I expect this trend toward more and more immersion-defeating UI elements to continue in WoW and other Blizzard RPGs since it works well and Blizzard has a history of copying its successes in one game into another (such as achievements appearing in Starcraft II). I hope, though, that the increasing amount of ’miraculous information’ is more a response to the sheer size of WoW than a sign of Blizzard giving up on the ideal of immersion in its RPGs. Some of the best games I have ever played are those that show rather than tell, that encourage exploration rather than provide guided tours, that have you inhabit a character rather than merely customize it.
I would trust that it will (like most features) be something one can simply turn “off”. That way if I want to stumble around and try to learn more, I can. If I want the help or need it, I can get it readily within the UI.

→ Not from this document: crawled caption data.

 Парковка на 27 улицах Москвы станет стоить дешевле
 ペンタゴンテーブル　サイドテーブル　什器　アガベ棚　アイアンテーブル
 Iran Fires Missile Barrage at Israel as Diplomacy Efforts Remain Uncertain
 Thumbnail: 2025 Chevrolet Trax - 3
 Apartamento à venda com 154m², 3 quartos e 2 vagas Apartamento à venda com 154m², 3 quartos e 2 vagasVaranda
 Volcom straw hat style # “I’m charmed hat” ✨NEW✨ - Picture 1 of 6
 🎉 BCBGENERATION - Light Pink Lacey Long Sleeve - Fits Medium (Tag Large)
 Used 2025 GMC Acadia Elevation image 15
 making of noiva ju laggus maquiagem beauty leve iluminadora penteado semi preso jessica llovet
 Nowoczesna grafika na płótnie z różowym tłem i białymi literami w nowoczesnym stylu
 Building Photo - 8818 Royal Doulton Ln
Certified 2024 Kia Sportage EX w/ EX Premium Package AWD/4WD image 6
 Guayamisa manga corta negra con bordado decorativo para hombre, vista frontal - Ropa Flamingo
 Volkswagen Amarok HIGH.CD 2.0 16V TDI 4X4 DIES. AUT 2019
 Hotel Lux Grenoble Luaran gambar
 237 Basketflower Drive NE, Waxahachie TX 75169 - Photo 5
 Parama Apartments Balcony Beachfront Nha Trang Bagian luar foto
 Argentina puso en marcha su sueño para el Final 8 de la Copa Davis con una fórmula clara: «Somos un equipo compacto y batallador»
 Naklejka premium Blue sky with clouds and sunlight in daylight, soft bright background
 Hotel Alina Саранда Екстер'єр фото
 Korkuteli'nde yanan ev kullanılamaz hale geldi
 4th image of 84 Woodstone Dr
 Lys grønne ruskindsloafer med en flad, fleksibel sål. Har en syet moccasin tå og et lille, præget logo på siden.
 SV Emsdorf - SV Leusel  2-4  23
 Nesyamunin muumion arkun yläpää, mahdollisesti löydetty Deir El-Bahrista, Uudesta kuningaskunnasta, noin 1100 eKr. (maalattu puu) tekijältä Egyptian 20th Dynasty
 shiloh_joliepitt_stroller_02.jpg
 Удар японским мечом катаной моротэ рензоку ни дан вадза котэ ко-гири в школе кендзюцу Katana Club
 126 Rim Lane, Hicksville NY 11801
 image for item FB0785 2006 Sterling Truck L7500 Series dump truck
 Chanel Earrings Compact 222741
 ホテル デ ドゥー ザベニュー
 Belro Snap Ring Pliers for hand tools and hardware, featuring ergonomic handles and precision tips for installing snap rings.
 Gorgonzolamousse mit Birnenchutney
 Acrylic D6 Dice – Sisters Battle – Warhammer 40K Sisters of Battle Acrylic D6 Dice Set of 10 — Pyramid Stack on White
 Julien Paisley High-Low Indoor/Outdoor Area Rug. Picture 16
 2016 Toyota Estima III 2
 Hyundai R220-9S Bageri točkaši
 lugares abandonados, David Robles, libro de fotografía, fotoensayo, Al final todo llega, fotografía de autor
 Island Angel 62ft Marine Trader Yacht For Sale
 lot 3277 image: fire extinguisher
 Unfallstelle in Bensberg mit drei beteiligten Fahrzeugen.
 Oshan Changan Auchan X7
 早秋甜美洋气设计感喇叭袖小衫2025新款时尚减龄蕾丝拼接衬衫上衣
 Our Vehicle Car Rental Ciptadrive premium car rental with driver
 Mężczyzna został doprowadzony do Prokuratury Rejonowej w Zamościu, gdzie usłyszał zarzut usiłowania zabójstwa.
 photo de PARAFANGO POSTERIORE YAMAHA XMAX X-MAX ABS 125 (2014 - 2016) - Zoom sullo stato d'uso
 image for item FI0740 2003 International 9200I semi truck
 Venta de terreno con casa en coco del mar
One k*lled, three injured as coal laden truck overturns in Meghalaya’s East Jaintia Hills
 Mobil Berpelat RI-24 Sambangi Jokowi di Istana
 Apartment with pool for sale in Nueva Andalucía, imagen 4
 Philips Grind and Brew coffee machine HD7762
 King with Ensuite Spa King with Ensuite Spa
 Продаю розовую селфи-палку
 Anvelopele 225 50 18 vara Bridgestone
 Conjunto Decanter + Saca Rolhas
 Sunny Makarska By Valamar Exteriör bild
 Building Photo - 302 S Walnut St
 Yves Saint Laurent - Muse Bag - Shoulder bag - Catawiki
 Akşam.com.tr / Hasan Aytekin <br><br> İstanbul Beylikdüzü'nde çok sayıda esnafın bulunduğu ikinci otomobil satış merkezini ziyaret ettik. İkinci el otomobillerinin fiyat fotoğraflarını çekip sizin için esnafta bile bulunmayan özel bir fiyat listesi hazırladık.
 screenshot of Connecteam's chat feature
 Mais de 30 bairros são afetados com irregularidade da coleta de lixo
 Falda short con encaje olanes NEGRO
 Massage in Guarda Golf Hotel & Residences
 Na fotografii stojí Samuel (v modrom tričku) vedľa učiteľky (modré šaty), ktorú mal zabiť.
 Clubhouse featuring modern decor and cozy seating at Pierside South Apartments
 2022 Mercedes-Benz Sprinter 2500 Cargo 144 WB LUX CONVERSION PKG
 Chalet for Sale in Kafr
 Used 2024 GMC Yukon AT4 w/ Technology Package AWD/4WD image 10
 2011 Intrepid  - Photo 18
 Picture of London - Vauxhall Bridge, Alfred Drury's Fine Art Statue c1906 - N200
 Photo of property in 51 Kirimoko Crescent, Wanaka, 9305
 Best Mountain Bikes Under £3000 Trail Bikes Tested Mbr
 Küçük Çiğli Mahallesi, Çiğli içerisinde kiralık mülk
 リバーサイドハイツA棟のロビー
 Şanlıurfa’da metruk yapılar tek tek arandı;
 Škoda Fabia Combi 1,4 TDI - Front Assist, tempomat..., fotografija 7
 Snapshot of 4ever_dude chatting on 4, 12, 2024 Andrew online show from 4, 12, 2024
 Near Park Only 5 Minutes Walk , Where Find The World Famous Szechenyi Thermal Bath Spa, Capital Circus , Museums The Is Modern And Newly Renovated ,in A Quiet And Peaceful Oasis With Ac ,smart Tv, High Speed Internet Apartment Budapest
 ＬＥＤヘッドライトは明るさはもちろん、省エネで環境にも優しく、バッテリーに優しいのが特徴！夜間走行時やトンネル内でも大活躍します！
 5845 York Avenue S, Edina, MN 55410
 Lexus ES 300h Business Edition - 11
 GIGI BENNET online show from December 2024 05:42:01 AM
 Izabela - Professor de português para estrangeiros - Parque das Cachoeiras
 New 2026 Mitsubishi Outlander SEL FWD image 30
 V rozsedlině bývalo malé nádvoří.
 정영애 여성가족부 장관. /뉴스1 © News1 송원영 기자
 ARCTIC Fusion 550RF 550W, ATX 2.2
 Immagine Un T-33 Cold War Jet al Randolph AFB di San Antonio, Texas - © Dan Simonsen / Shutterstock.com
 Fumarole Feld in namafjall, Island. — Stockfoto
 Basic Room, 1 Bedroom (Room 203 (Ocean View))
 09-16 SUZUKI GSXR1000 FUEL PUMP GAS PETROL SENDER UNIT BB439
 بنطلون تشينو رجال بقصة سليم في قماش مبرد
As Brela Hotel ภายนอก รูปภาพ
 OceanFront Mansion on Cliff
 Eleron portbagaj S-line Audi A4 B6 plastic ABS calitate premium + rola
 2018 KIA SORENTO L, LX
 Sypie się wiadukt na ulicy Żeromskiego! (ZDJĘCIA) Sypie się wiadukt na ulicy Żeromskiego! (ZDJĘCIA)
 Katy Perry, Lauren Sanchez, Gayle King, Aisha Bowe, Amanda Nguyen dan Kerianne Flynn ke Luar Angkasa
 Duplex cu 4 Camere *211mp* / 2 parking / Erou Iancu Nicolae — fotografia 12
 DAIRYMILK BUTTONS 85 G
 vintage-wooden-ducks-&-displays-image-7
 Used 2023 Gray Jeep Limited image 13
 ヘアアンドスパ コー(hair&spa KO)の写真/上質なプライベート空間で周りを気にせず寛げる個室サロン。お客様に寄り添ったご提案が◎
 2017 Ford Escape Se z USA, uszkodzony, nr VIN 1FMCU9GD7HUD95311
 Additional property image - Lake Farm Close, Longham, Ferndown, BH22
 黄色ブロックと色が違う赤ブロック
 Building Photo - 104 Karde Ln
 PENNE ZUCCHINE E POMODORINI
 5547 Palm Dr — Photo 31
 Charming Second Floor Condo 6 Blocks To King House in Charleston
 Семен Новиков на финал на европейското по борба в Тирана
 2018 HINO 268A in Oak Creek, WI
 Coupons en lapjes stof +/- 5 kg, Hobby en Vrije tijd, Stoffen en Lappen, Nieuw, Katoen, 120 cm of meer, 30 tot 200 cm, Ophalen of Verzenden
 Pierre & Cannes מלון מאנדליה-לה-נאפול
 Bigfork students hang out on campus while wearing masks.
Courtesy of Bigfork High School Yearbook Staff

The point I would make, and you may have made it and I simply missed it, is that Blizz has done an EXCELLENT job of looking to the UI add-ons and support sites out there for the game that have evolved. And then choosing which ones they should incorporate into the game itself as default capabilities.
That shows a great amount of awareness to the needs an wants of your consumer base.
Very nice piece Euri. I really only like the part of the Journal that tells you “why” you would be killing this specific boss. I have never been an RPer but would constantly get made fun of for reading quest text. Which is why it took me a whole 4 extra hours to get to 85 behind all my guildmates.
I never knew about the purist model of an MMORPG. Thanks for the informative article.
Eidotrope, actually.
The purist model is just a figurative archetype I made up while comparing WoW to its predecessors. It would be entirely coincidental if it were the actual name of a game designer’s goal.
Oh man! My apologies, I didn’t look close enough at the author >.>
Whenever I have tanked a pick-up-group, there was never time to read up on a certain fight I might have been rusty on, even if I had my notes printed out and sitting next to me! PUGs are notoriously impatient. The value of this will be for players to study ahead of time, something they can do anyway with existing online resources. Think of it as a library, and imagine a worgen Death Knight browsing through the books of dungeon lore in the Stormwind library or an Orc warrior borrowing her guild’s main tank’s little black book to study (and while she has it, hoping to find Go-el’s phone number in there).